魔物との戦いの最中、ローレン・イロアスはおよそ戦場には似つかわしくない、魂が震えるような異形の歌を聴いた。魔物たちもローレンと同じように響く歌声に聞き入っている。言葉の意味は理解できない。それでも殺伐としていた戦場の空気を、一瞬にして吹き飛ばしてしまうほどの風を感じた。
「どういう状況だ?」
全員が思っていたことを、ローレンが代表して呟く。
目の前の魔物たちは歌が聞こえる東側に首を向けて、それからピクリとも動かない。
「ローレン隊長! 先ほどレヴィさんがエクスさんを連れて、ヘルエスタ王国に戻ってきました」
息を切らした、栞葉るりが報告する。
「……そうか」
予想していた最悪の事態にはならなかった。
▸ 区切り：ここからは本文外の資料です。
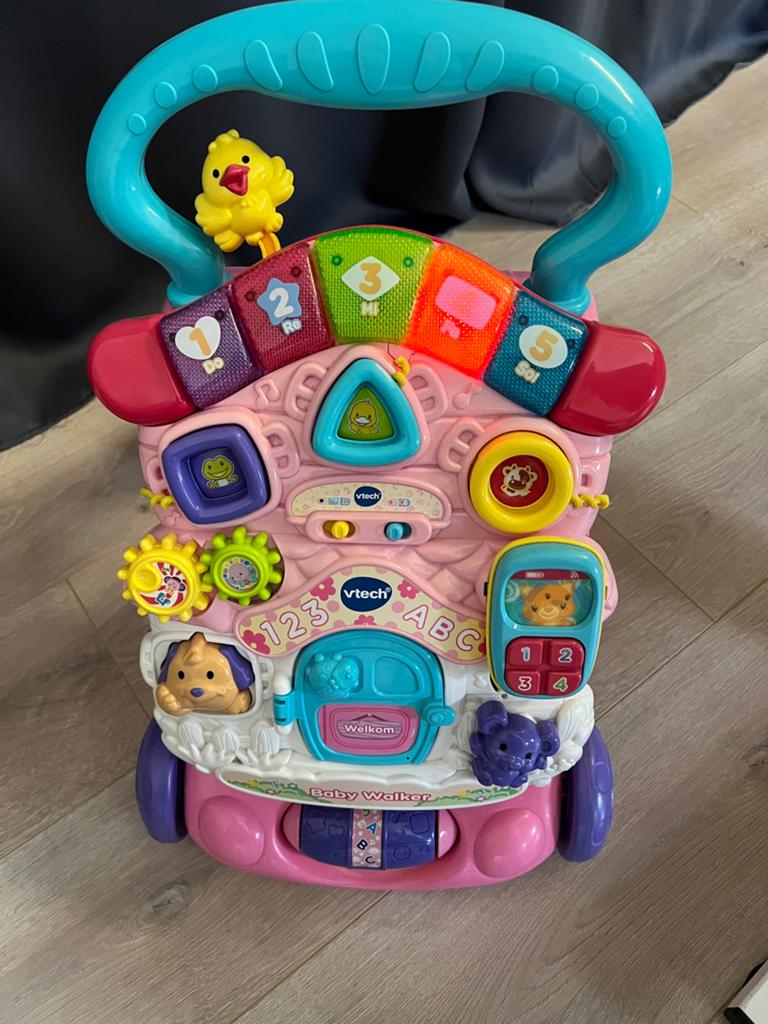 075 - VTech Baby Walker / Loopwagen, Ophalen of Verzenden, Gebruikt, Overige typen, Met licht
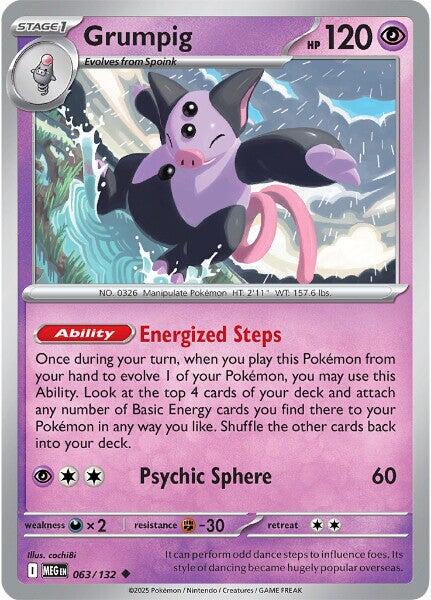 Grumpig (063/132) [Mega Evolutions: Base Set] | Shuffle n Cut Hobbies & Games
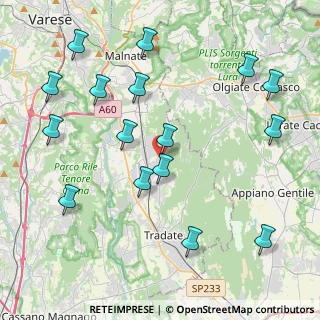 Mappa Via Giuseppe Garibaldi, 21040 Venegono Superiore VA, Italia (4.7625)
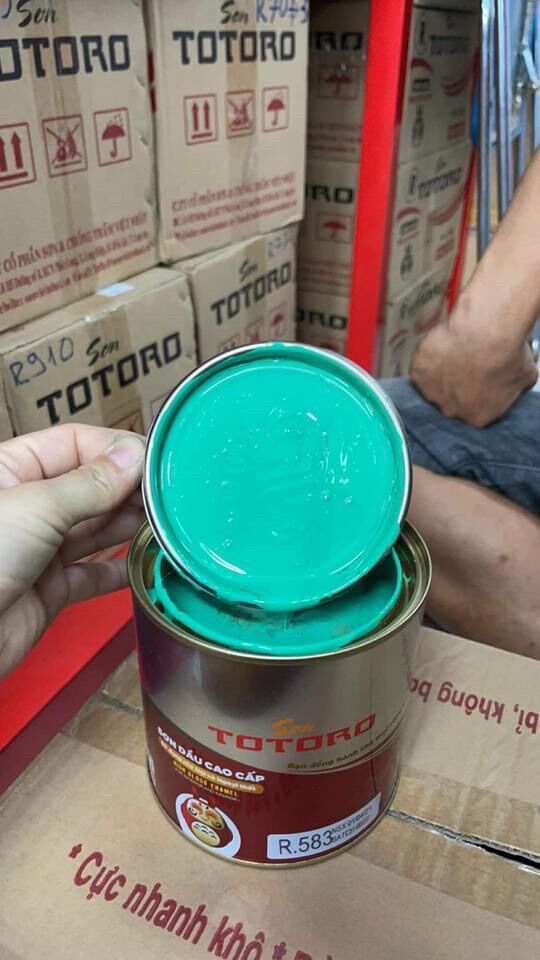 Sơn dầu totoro 800g hang cao cấp hinh anh thật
そのことにローレンは安堵の息を漏らし、剣を納め、報告に来た栞葉へと歩み寄る。
「他に進展はあったか?」
「知りません」
「……───」
「急いできたんですよ? 色々聞き逃しても仕方ないと思いますけど」
それに、と栞葉は続ける。
「ローレンさんが言ったんじゃありませんか。二人が戻ってきたらすぐに報告しろって」
「そうだったな。じゃあせめて、この歌を歌っているのが誰なのか教えてくれ」
「知りません」
「……───」
ぷい、と顔を逸らす栞葉をローレンは笑顔で見つめた。
「なんですか、その顔」
「無能な報告係をクビにしようか迷っている顔だ」
しばらくにらみ合っていた彼らだが、そんな時、突如として巨大な地響きが二人を襲った。それは足を上って全身を揺らす。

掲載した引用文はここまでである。